What is the electric field?
What are electric field lines?
How to calculate the electric field from a point charge
How to calculate the electric field from a continuous charge distribution

Electric Field

A far more useful concept than electric force is the electric field E. We think of the electric field as a condition set up in all space by a charge or a distribution of charges. The electric field is defined via the test charge, which is usually taken to be positive. The field at a point is the force exerted on a small test charge per unit charge in the limit as that test charge goes to zero:

\mathbf{E} = \lim{q0 \to 0} \frac{\mathbf{F}}{q_0}

Thus, for a test charge $q0$, the force is $\mathbf{F} = q0 \mathbf{E}$ at the location of the test charge. The field viewpoint is often preferred because the field itself is a more fundamental quantity than the force acting on a particular test charge.

Maxwell’s equations describe the laws for electric and magnetic fields, and they underpin electromagnetism in general. The units of the electric field are commonly written as N/C, and later we will also use V/m.

Notes emphasize that the test charge is usually treated as positive, and that the field at a point is produced by the source charges rather than by the test charge itself. The field perspective is a central organizing concept in electromagnetism.

Scalar Field vs Vector Field

A scalar field assigns a single value to every point in space; an example is temperature, which is a scalar field.
A vector field assigns a vector to every point in space; the wind speed and direction constitute a vector field, and the electric field is also a vector field. In general, a scalar field is described by a function $\phi(\mathbf{r})$, while a vector field is described by $\mathbf{F}(\mathbf{r})$.

Electric Field Lines

Electric field lines (or field lines) are a visualization tool: lines are drawn tangent to the electric field at each point.
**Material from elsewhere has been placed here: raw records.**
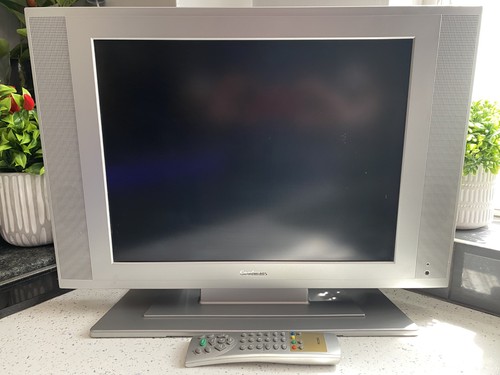 20 inch pal ntsc - pal,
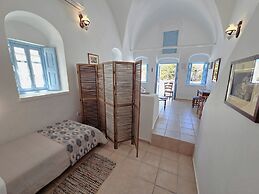 Aethrio Sunset Village - Oia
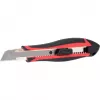 Κοπίδι KS Tools 907.2135 Βάρος 81 g
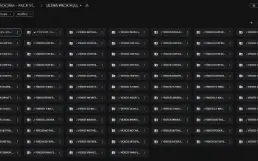 +31.500 Cortes De Vídeos Virais ( Ultra Pack ) Tiktok Insta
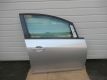 Tr rechts vorn ZV 5-Trer silber<br>OPEL ASTRA J SPORTS TOURER 1.4 TURBO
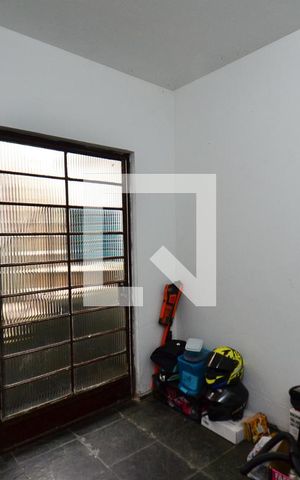 Casa à venda com 104m², 4 quartos e 2 vagasSala jantar
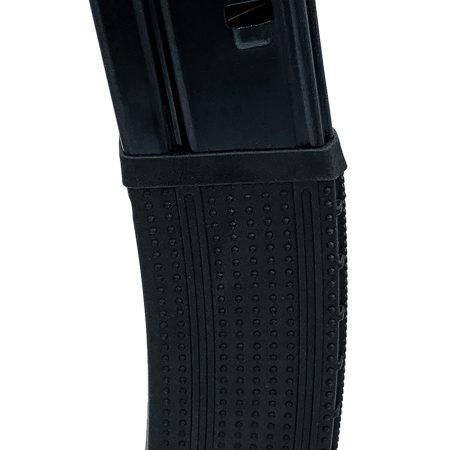 ProMag COLA35   40rd 223/5.56 Fits AR-15/M16 Black Steel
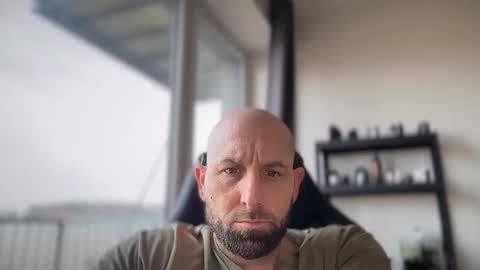 Snapshot of tommyx01 chatting on March 25, 2026, 7:03 am Thomas Fit online show from March 25, 2026, 7:03 am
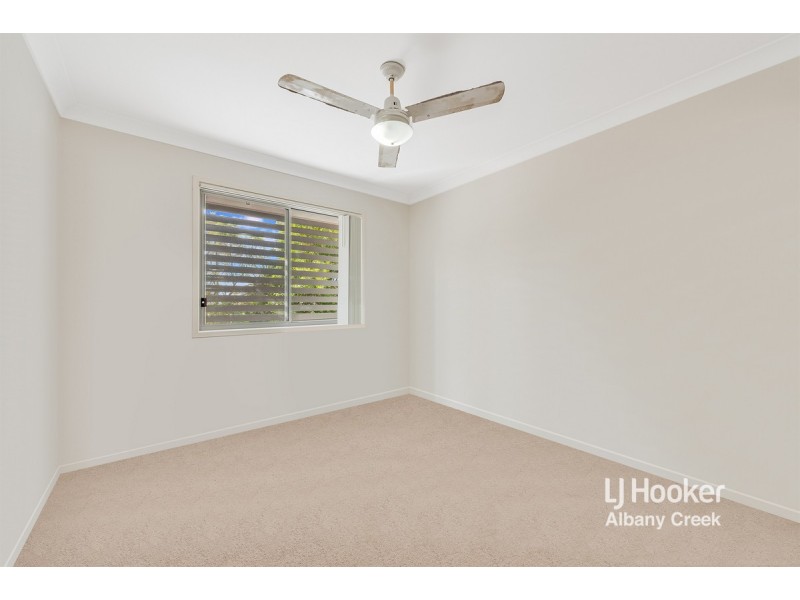 43/1 Gumview Street, Albany Creek QLD 4035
There are infinitely many lines because the field is defined everywhere, but we draw a few to visualize the configuration of charges.
Rules for field lines:
- Lines begin on positive charges and end on negative charges.
- The number of lines entering or leaving a charge is proportional to the magnitude of that charge.
- The density of field lines is proportional to the magnitude of the field (field strength).
- Field lines cannot cross; if two lines crossed, that would imply two different field directions at the same point, which is impossible.
Point-charge configurations and field line patterns illustrate how the field distributes in space. For example, two positive charges produce lines that originate on each positive charge and repel away from both.

Electric Field from a Point Charge

The electric field created by a point charge $Q$ at a point located at position $\mathbf{r}$ (with respect to the charge) is:

\mathbf{E}(\mathbf{r}) = \frac{1}{4\pi\varepsilon_0} \frac{Q}{r^2} \hat{\mathbf{r}}

where $r = |\mathbf{r}|$ is the distance from the charge to the field point, and $\hat{\mathbf{r}}$ is the unit vector pointing from the charge to the field point. The constant $k$ is often introduced as $k = \dfrac{1}{4\pi\varepsilon_0}$, so the expression can be written as

\mathbf{E}(\mathbf{r}) = k \frac{Q}{r^2} \hat{\mathbf{r}}.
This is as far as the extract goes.